Of Mice and Men by John Steinbeck (BOOK REVIEW) 5/5
I was convinced to read Of Mice and Men when my girlfriend told me the plot. She told me everything, including how it ended- and I knew it was a book I had to read for myself. I wasn’t wrong. Even knowing how it ended, the book blew me away with its depth, its subtlety, its symbolism, and the pure raw emotional strength of its writing. Most classics have always gone past my head or entirely disinterested me- they’re not my favorite class of books. When I started Of Mice and Men, I thought it would be the same. I groaned inwardly at the accented writing, at the setting and the story. It isn’t the sort of story I would normally read. However, I acknowledged that it was well written, and there were several tidbits within the writing that was true for the time period- such as the actions of the tart, Curley’s trouble-seeking wife, and his extremely controlling and distrustful acts of running after her, or the struggles for people like main characters Lennie and George to stay anywhere too long, always having to seek out new work because of Lennie’s mental disabilities. There was not much help to be had for people like Lennie back in this era, and the punishment for a crime committed was harsh.

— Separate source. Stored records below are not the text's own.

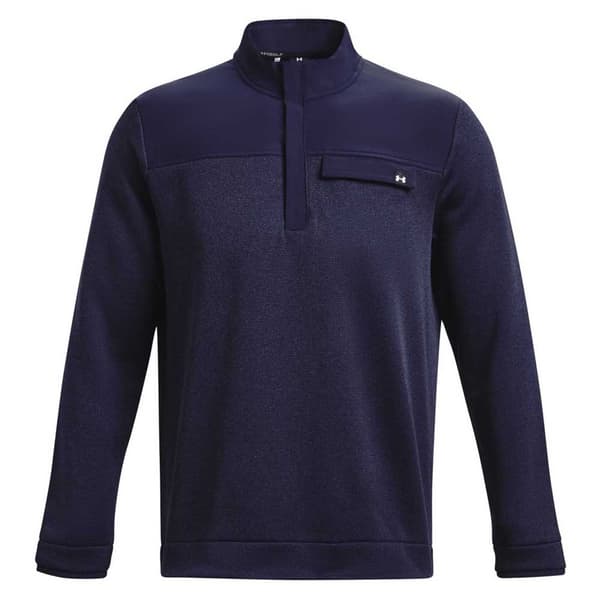 Under Armour Golf Puoliksi Vetoketjullinen Pusero Storm Sininen XL Nainen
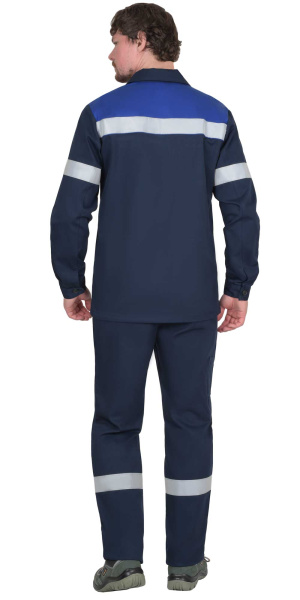 Костюм СИРИУС-СУРГУТ-РОСС с ПК (синий/васильковый)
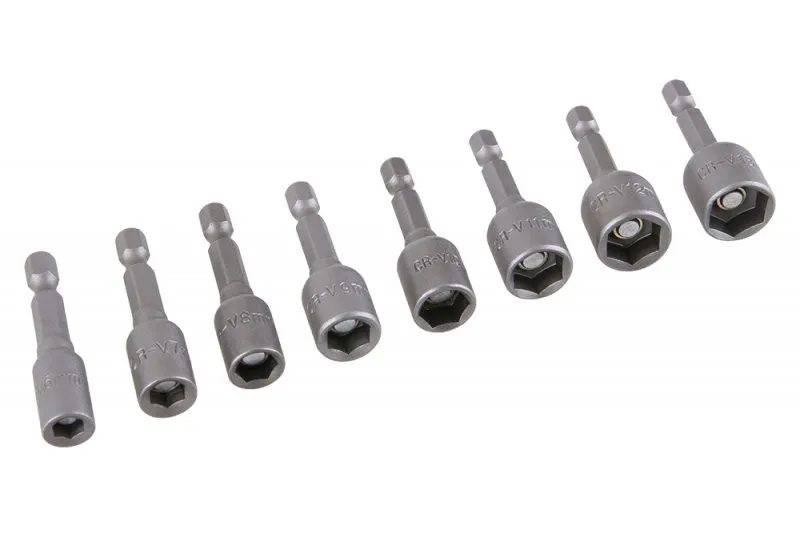 Adapteri za bitove komplet 6-13mm Levior
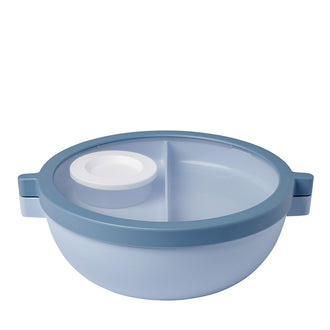 Bento Bowl "Vita" con 5 scomparti e 3 inserti estraibili l 1,5/cm Ø20,7x8,5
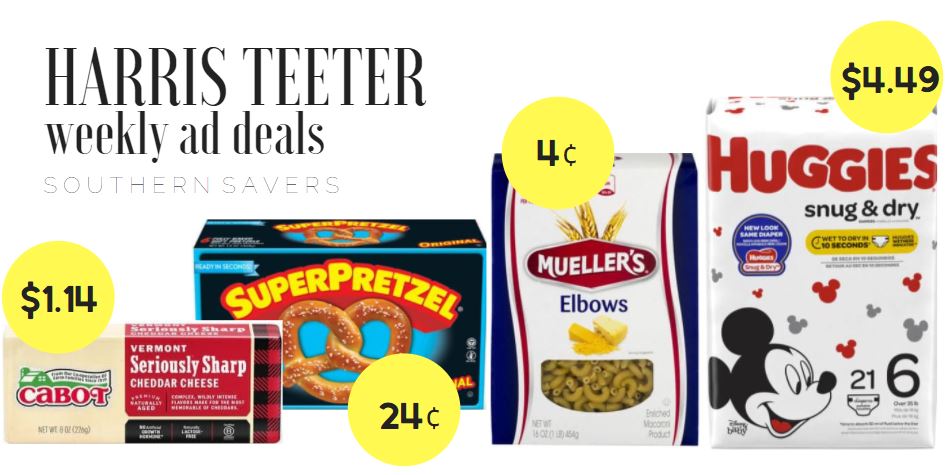 harris teeter weekly ad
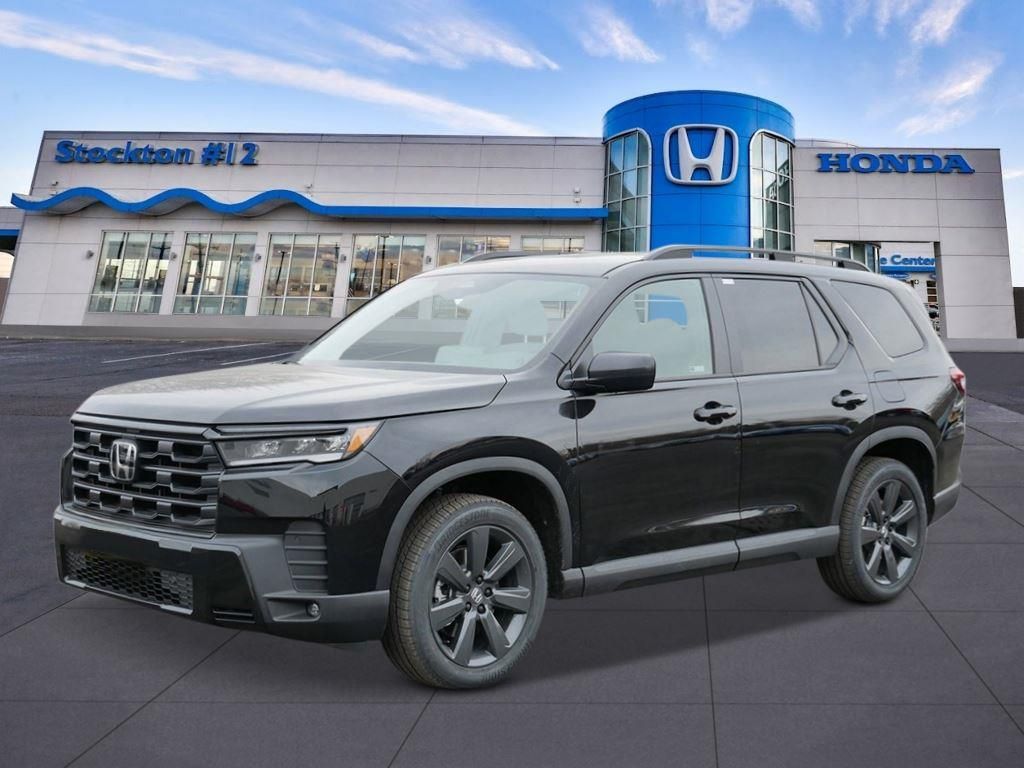 2026 Honda Pilot Sport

For those who haven’t read it, beware of the spoilers in this review. Of Mice and Men is a short book, and it packs such a punch that I would recommend reading it yourself.
The story of Mice and Men isn’t carried out over a very long period of time. No sooner have Lennie and George arrived, have they begun to stir up trouble with Curley- a small man with a vendetta against large men. Skillfully, Mr. Steinbeck sets up the plot; Lennie’s simplemindedness, his love of petting small things like mice and rabbits, his tendency to squeeze his strong hands and the incident that had caused them to flee their last job. The little details of this book just make it that much easier to anticipate what Lennie will do. But it does nothing to tell you what George will do.
When I started my read, I hated George as a character. He was mean, belittling, and cruel to Lennie, burdened by the responsibility of taking care of him. I grew angry at his jabs and comments, his clear resentment, and began to wonder why he bothered. My girlfriend commented, “Oh, just wait.” She was right. As I read, this book sat at a 3, and I wasn’t understanding what made it such an important classic. Then the end came.
I was met with George’s conflicting nature- the difference between his words and his actions. Despite his groaning over taking care of Lennie the entire way through the book, he stayed loyal to him through it all. At the end, he knows the fate left for Lennie, and he knows it’s inescapable. So he chooses to put him down. It’s not a cruel act- at least not the way I read it. It’s an act of love. He knows that, even if they get away, Lennie is beyond his capability to stop from harm, and he’s committed a grave crime. Reading it, I’m not even sure Lennie was capable of conscious thought on what he did, capable of feeling remorse for the woman, or even the dog.
The end, though horrifying and deeply sad, was exactly how it should have gone. And I say that not from a moral viewpoint- but from the minds of the characters. I thought, when my dear girlfriend told me this story, that George killed Lennie out of his own selfish desire to be free from him. But it’s not so. It feels that way, up until those last few pages, and then you know; he kills him out of mercy, and painful, painful love.
It’s one of the most beautiful, personally striking novels I’ve ever read. And I think that most people who read this book will be touched by it. High School students might groan at this reading assignment- but those who actually read it and comprehend it are being blessed by a story that sticks with you. I haven’t read anything else by John Steinbeck, but I can see why he’s revered and still taught in schools today.